Thursday, August 25, 2022

You know what is really scary?

As I write this many of the historic and storied rivers in Europe are drying up. The Rhine, the Danube, the Loire and others are all reporting historically low water levels. I have a colleague who had to cancel her river cruise on the Danube in 2020 because of this thing call COVID-19. You may remember it. It was the talk of the town for a little while. She finally rescheduled for this Fall but now it might be canceled again or at least greatly reduced in duration and sites to see because of the low water levels of that river.

As I mentioned in my previous post one of the myths of climate change is the impacts would be felt in the lower latitudes first, because they are already the warmest latitudes in the world. Since most of the Third World is located in the Equatorial Region there were grand predictions of mass migrations from that region to the North and South temperate zones because it was believed that their climates would change for the better, increasing the size of the temperate zones as it warmed at the higher latitudes.

They were wrong. Less than a decade ago the average temperatures in the North began to increase dramatically, reducing sea ice in the Arctic to nearly zero, and causing the ice caps of Greenland and Antarctica to melt at a prodigious rate, threatening the world with rising sea levels and changing ocean currents.

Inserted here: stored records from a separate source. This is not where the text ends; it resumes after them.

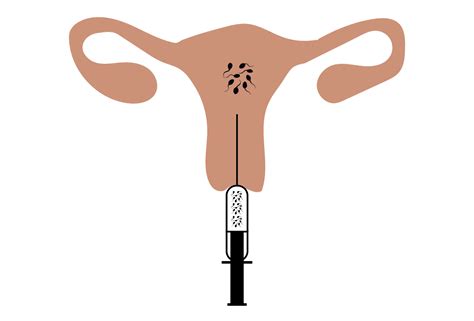 Treatment Option Intrauterine Insemination Iui — Arbor Fertility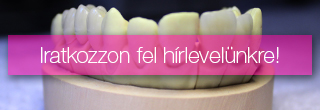 banner hirlevel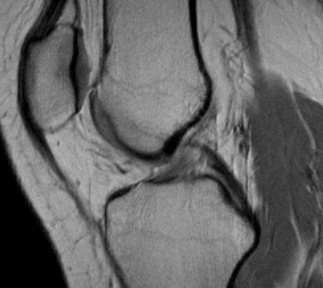 Ligamento cruzado anterior Sinais de Ruptura Ângulo do cruzado posterior Linha tangente à porção distal do LCP Linha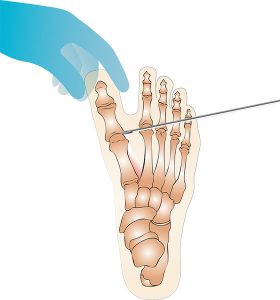 La chirurgie mini-invasive du pied et percutanée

Now the impacts of climate change are being increasingly felt in the "temperate" latitudes. Prolonged droughts in the most agriculturally productive land on the planet are occurring everywhere. California, the great plains, the farm lands of Europe, the rice fields of Asia are all showing the impacts of these droughts and there appears to be no end in sight. We are already seeing the impacts of that with higher food prices, which were already increasing before the war in Ukraine and the latest round of punishing weather in the Northern Hemisphere.

So what is going to happen in the next decade or so? It was believed the impacts of climate change would start at the Equator and head towards the polls. Instead, it would appear they started at the polls and are moving towards the Equator. So it is very possible that the impacts predicted for the Equatorial Region are still going to happen, making an already very hot place even hotter, which could very well trigger the mass migrations that were predicted. Of course, those mass migrations are going to be people moving to the so called temperate zones, which will have been living with the impacts of climate change for almost two decades at that point.

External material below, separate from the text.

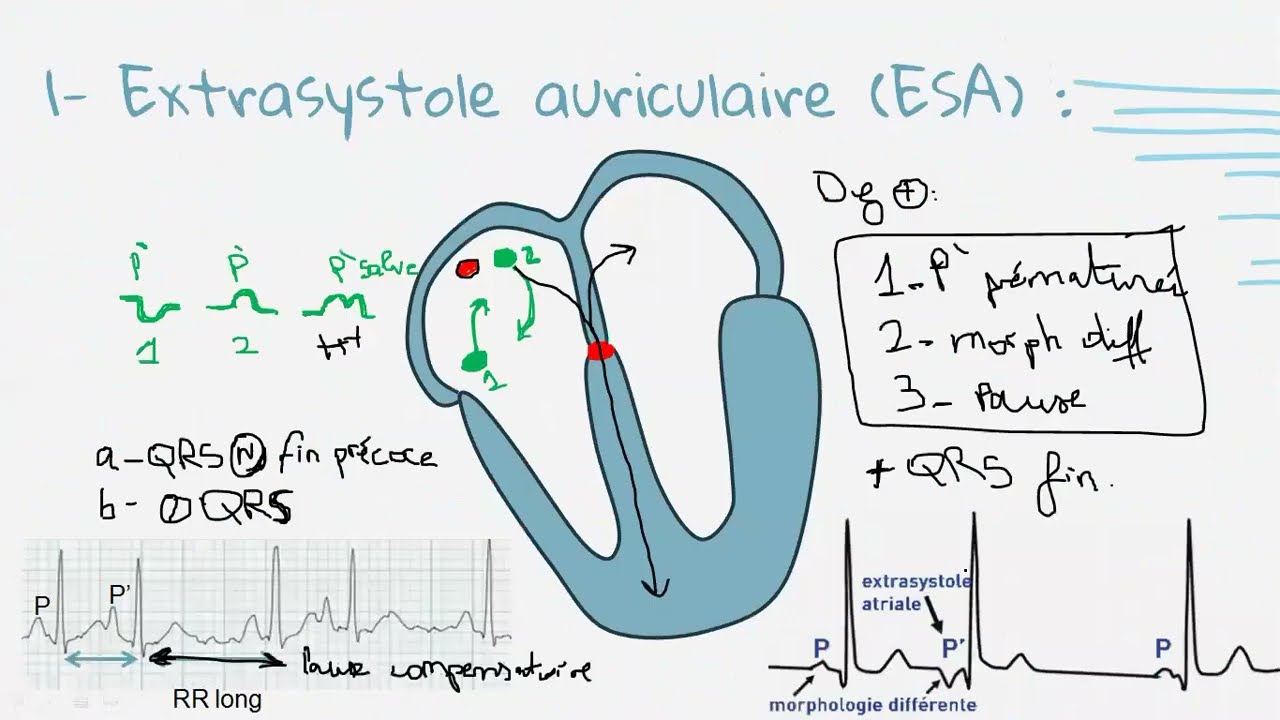 Troubles du rythme - Supra Ventriculaires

That is the scary part. We may not be wrong in predicting the the Equatorial Region will become almost uninhabitable we we may only be wrong about the timing and about the fact that the so called temperate zones of the planet would be a suitable refuge for them.

The climate is a fickle thing so it could change again and the original predictions could come true. However, it is a little disconcerting to realize that it might not happen and we are heading for world that is much warmer and dryer everywhere. That is a recipe for disaster.